Machado de Assis já dizia, em Esaú e Jacó, que o olho do homem serve de fotografia ao invisível.
Não sei até que ponto essa máxima "machadiana", se é que pode ser considerada assim, é procedente ou não, o caso é que ela se fez verdadeira.
Ora, quem mora em São Paulo - terra de encantos e desencantos mil - ou em volta e meia vê pessoas vendendo doces e toda sorte de bugigangas nos
semáforos e esquinas da vida.
Ele dirigia seu carro e ia pelo mesmo caminho que eu. Paramos emparelhados no semáforo, onde havia um homem numa cadeira de rodas prestes a nos dar
uma lição, e das mais dignas.
Eu não comprei as balas, nem as outras bugigangas que me foram oferecidas, a propósito são raras as vezes que compro alguma coisa no farol.

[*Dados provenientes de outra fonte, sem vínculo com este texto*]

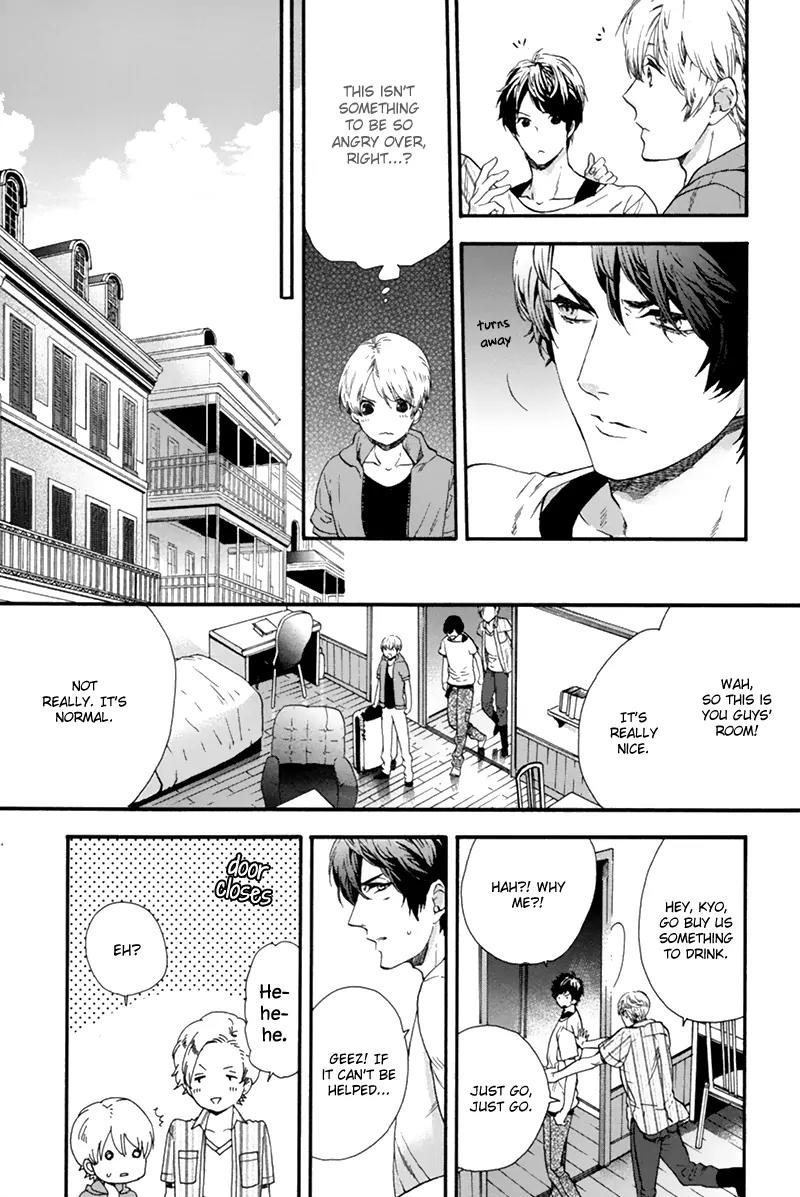 Love Kids!! Chapter 6 page 15 - Chapter 6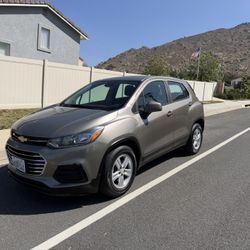 2020 Chevrolet Trax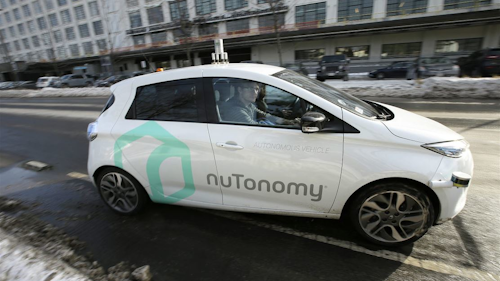 Mnet 109064 Self Driving Ap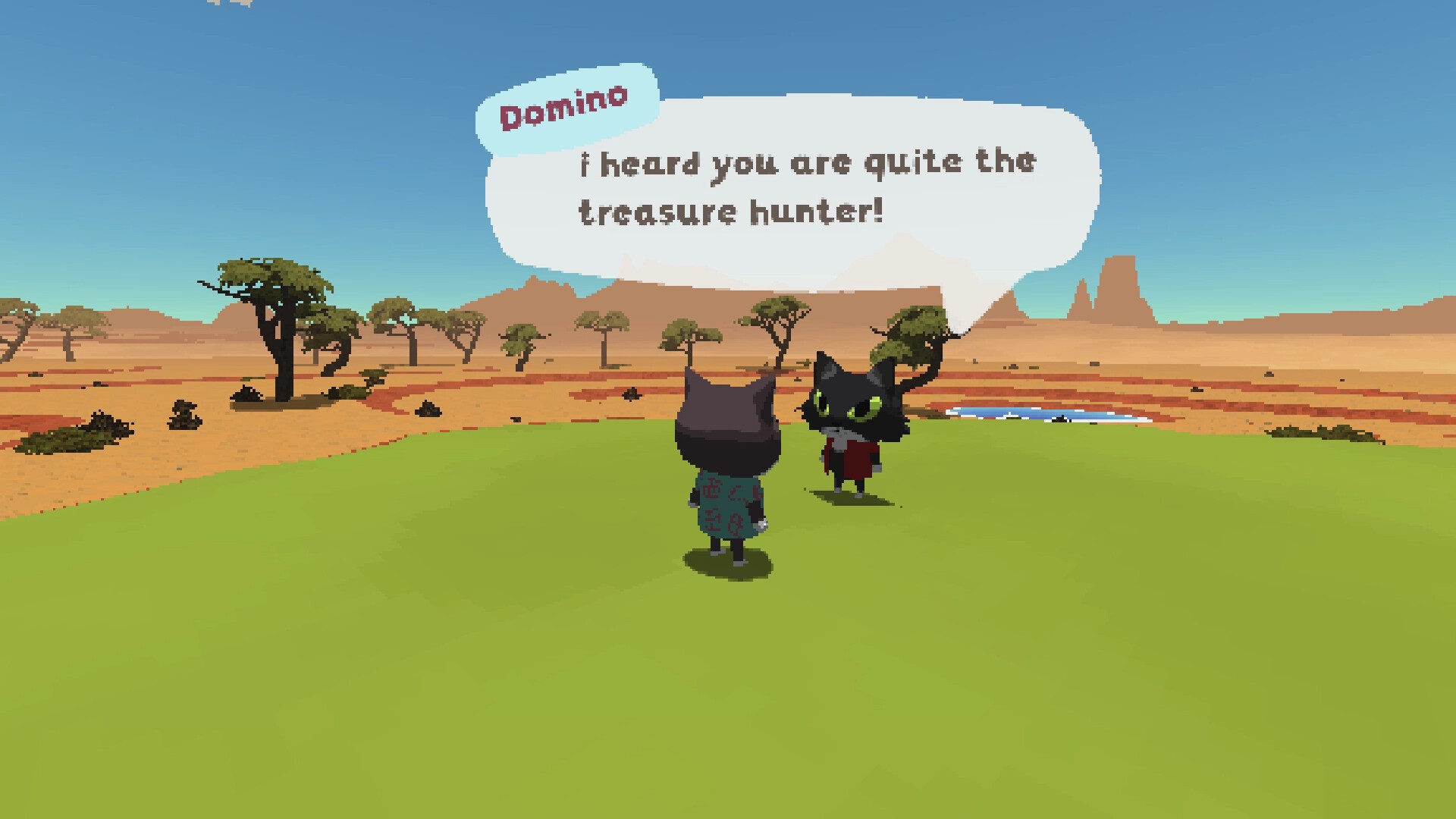 TreasureTails screenshot #3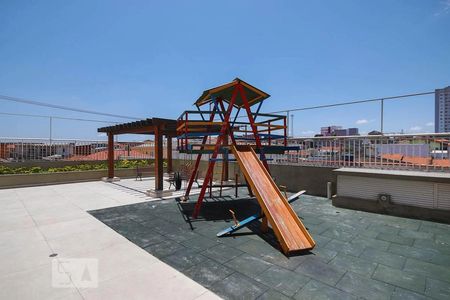 Apartamento para alugar com 58m², 2 quartos e 1 vaga Apartamento para alugar com 58m², 2 quartos e 1 vagaÁrea comum - Playground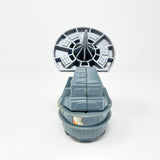 Vintage Kenner Star Wars Vehicle Mini-Rig Radar Laser Cannon - Loose Complete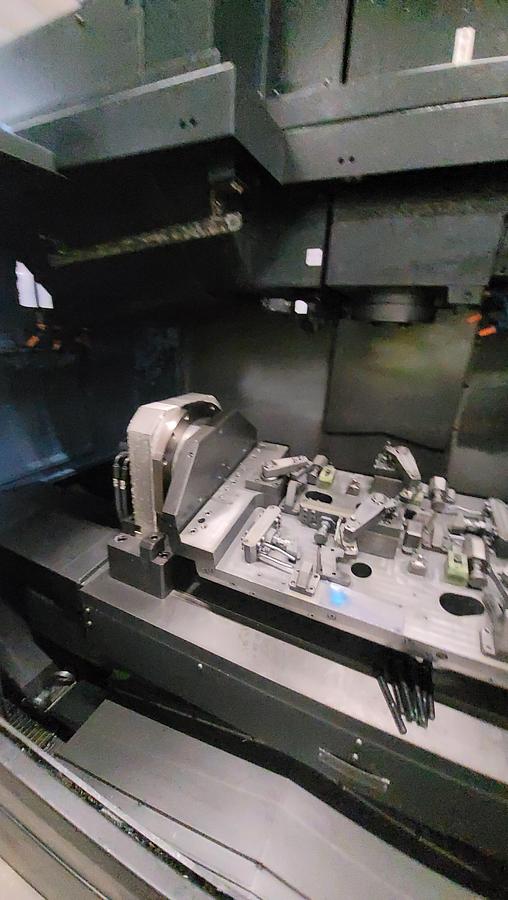Used 2021 Doosan DNM 5700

As vezes
que fiz isso foi mais por compaixão do que por vontade de consumir o tal produto. Tenho comigo que muitos, uma grande maioria, faz o mesmo.
E ele abriu o vidro e estendeu uma nota de dez reais. O vendedor notou a mão estendida e foi prestar seus serviços - forçando os braços para mover a cadeira - no corredor da avenida deixado por tantos carros.
O dono do carro deu o dinheiro e disse que não queria as balas.
O vendedor disse: "Estará ajudando mais se pagar 1 real pela mercadoria"
Mas não quero as balas?
"Obrigado por sua ajuda, mas o senhor precisa entender que eu estou trabalhando. Se quer ajudar compre meu produto".
O dono do carro cedeu: "Tá bom, quero comprar"
"O senhor não tem trocado? Não tenho troco para dez?"
"Não, eu não tenho"
"Então pode levar: depois o senhor passa aí e paga"
Meus olhos fotografaram, como na frase de Machado, a alegria de quem sabe o que é necessário fazer para vencer.